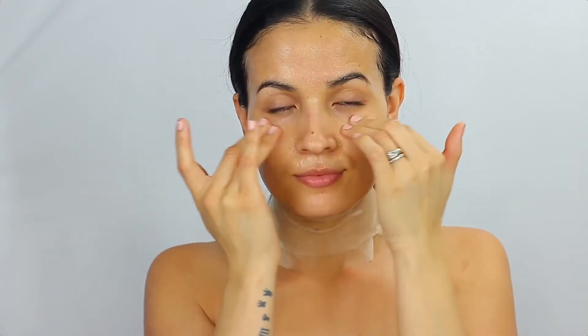The saffron ingredient in this mask is really powerful because it helps to heal — it has antioxidants, it's really moisturizing, and it improves the skin color.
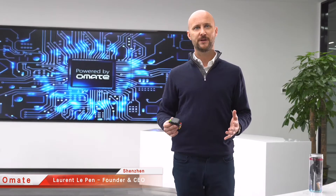Hi everyone! I'm very excited to share with you our latest development. At Ohmate, we focus on designing the best wearable as a service for people who need protection.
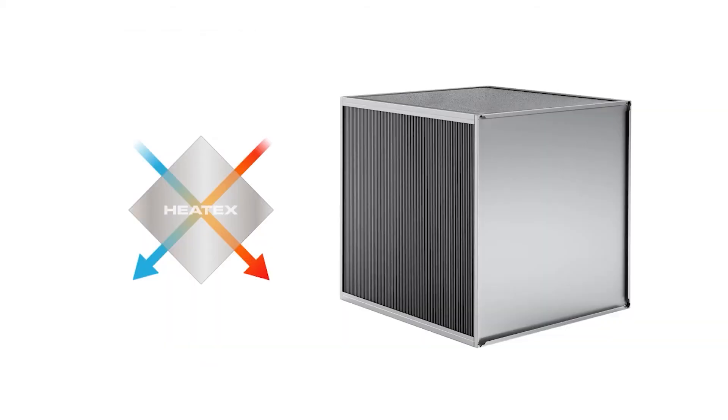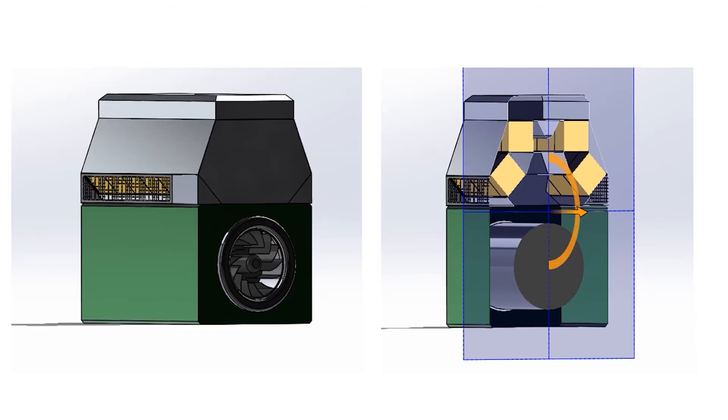Third, plate heat exchangers have much more heat transfer area packed per volume unit. The HeatX cooling concept utilizes all these factors and is designed as a bolt-on replacement to an existing cooling device.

------------------------------------------------------------------------

◆ TASK DIRECTIONS: Return nothing but the lines running from the start of the data to the line with "Hi everyone! I'm", please, both ends included and no pictures.

◆ RESULT OF THE EXERCISE:
The saffron ingredient in this mask is really powerful because it helps to heal — it has antioxidants, it's really moisturizing, and it improves the skin color.
Hi everyone! I'm very excited to share with you our latest development. At Ohmate, we focus on designing the best wearable as a service for people who need protection.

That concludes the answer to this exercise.